TO DO: The listing is to be printed word for word, pictures omitted.

DATA TO EXAMINE:
__________________________________________________
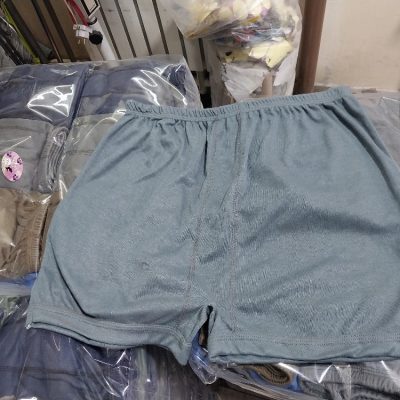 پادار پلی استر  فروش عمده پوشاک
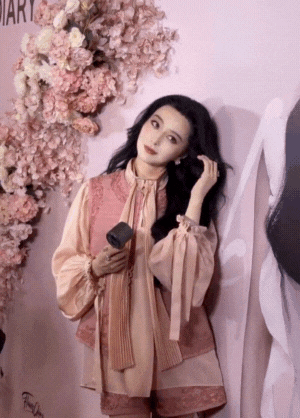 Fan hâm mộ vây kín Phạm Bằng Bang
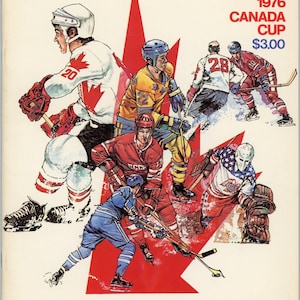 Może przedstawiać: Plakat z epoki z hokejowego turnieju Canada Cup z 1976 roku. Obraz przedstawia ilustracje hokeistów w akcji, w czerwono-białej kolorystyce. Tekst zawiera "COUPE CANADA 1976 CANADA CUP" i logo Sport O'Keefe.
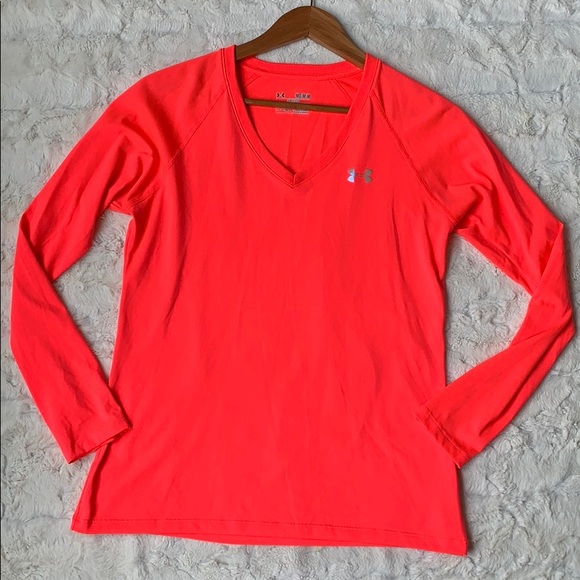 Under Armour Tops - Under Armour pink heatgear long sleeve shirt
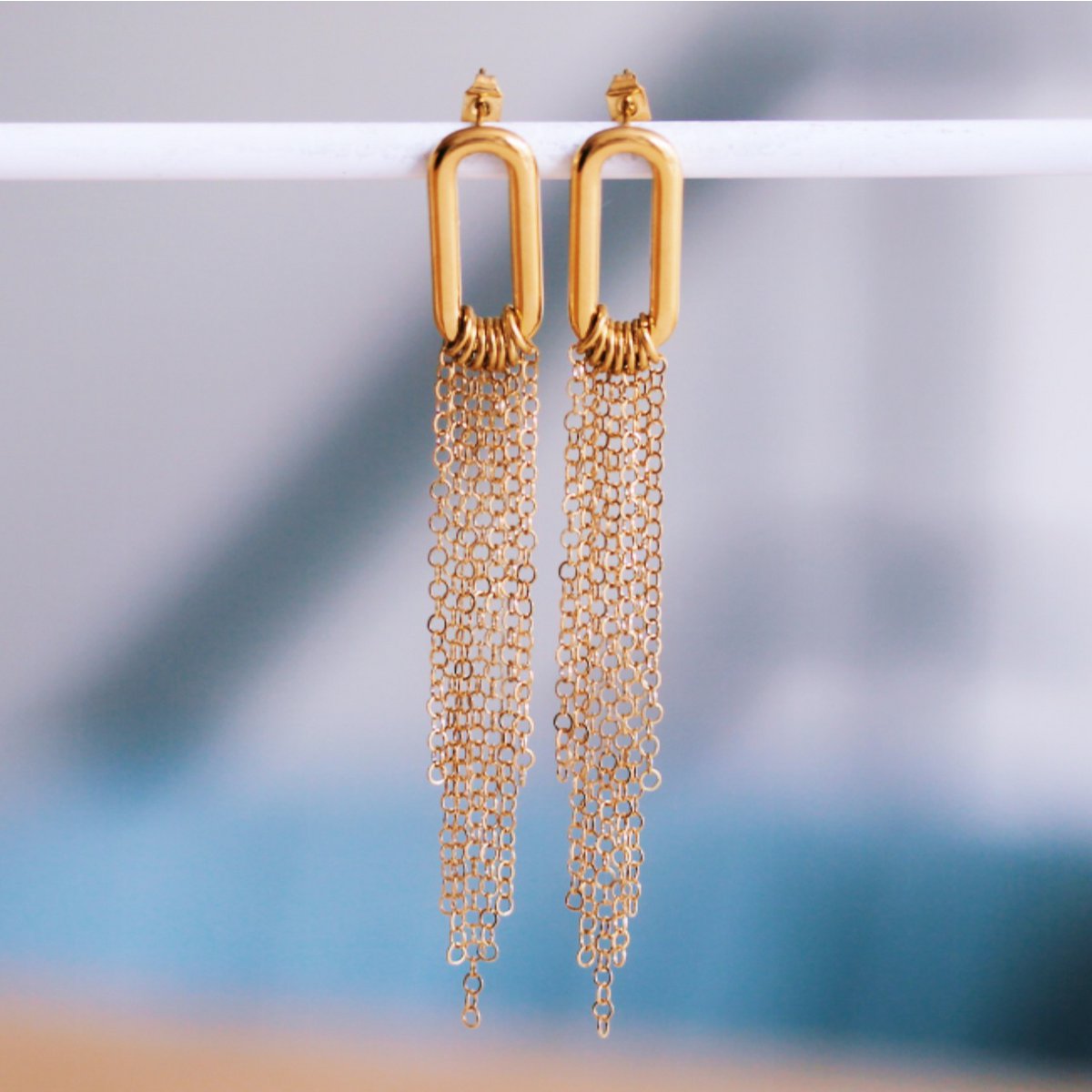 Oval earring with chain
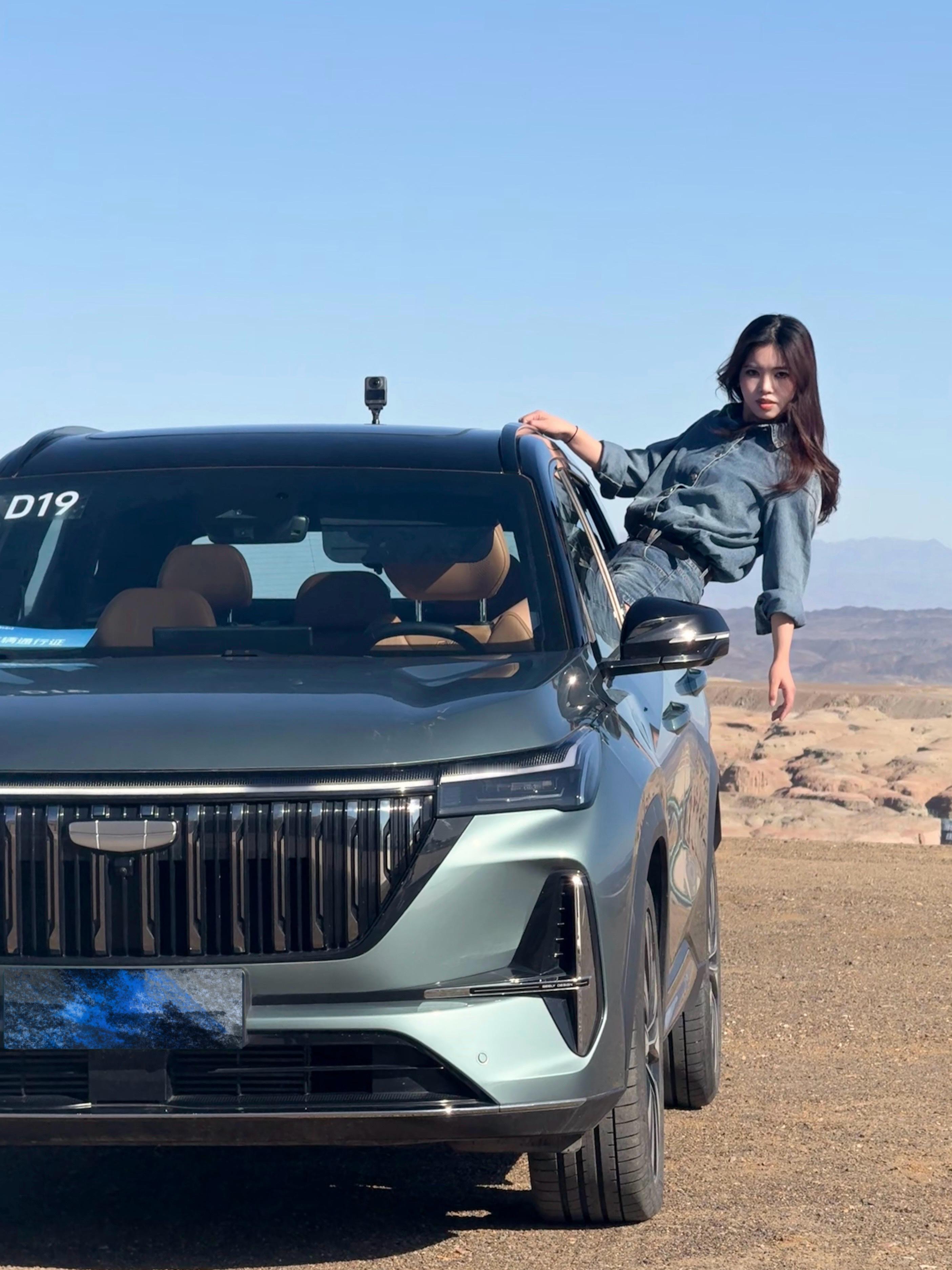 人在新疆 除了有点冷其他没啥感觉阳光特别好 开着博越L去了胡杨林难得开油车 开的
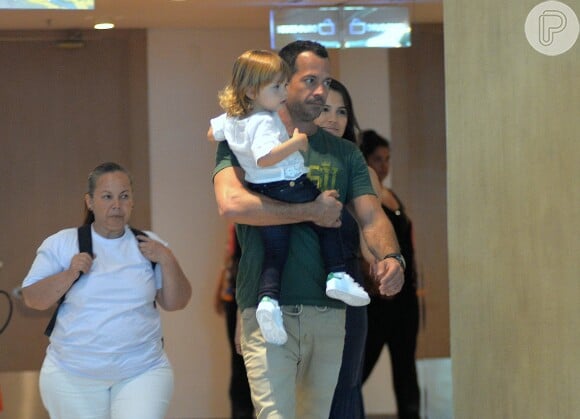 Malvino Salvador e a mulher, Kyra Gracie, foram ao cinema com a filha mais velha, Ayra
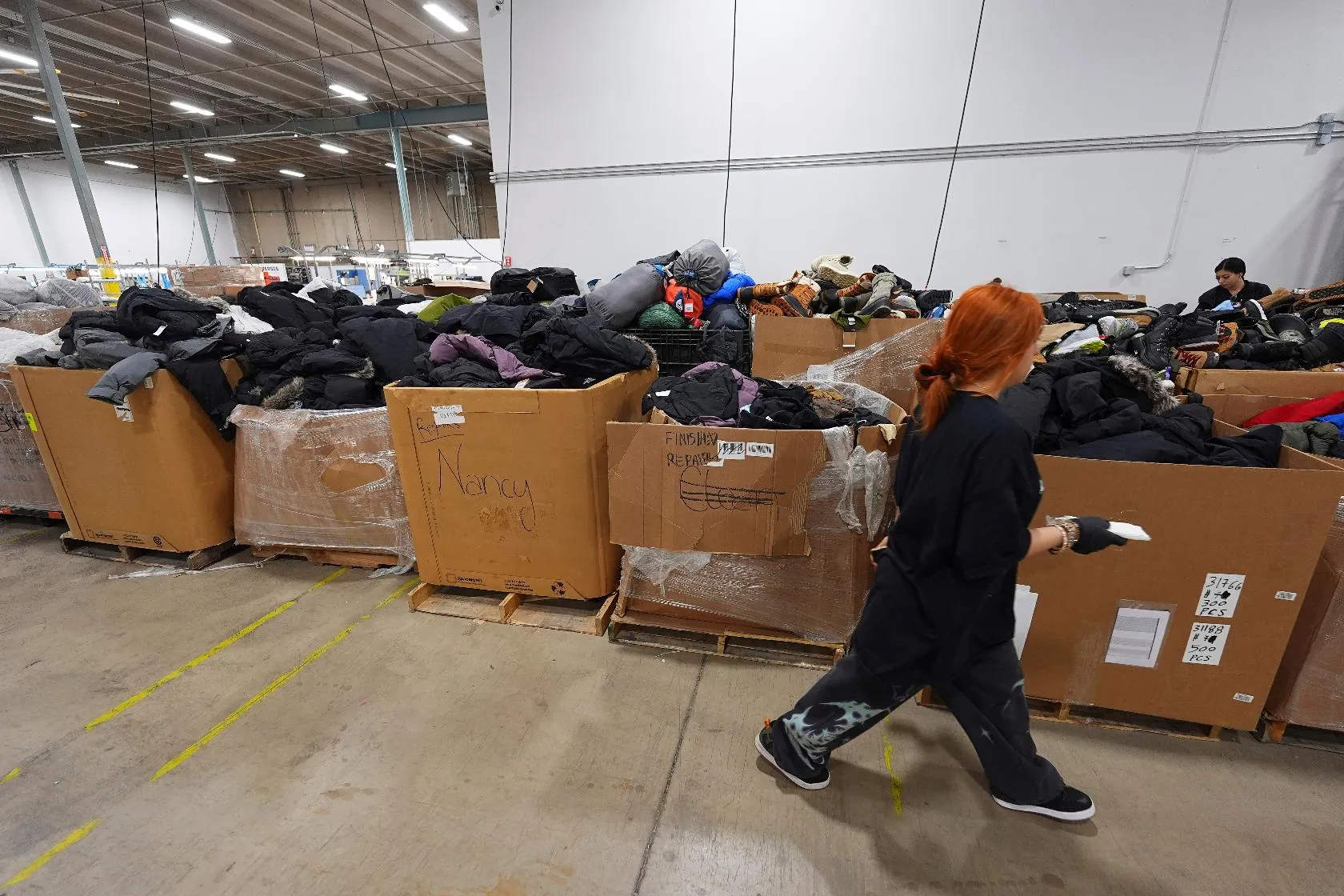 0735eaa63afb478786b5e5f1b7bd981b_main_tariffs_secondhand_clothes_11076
__________________________________________________
RESPONSE AREA:
 پادار پلی استر  فروش عمده پوشاک
 Fan hâm mộ vây kín Phạm Bằng Bang
 Może przedstawiać: Plakat z epoki z hokejowego turnieju Canada Cup z 1976 roku. Obraz przedstawia ilustracje hokeistów w akcji, w czerwono-białej kolorystyce. Tekst zawiera "COUPE CANADA 1976 CANADA CUP" i logo Sport O'Keefe.
 Under Armour Tops - Under Armour pink heatgear long sleeve shirt
 Oval earring with chain
 人在新疆 除了有点冷其他没啥感觉阳光特别好 开着博越L去了胡杨林难得开油车 开的
 Malvino Salvador e a mulher, Kyra Gracie, foram ao cinema com a filha mais velha, Ayra
 0735eaa63afb478786b5e5f1b7bd981b_main_tariffs_secondhand_clothes_11076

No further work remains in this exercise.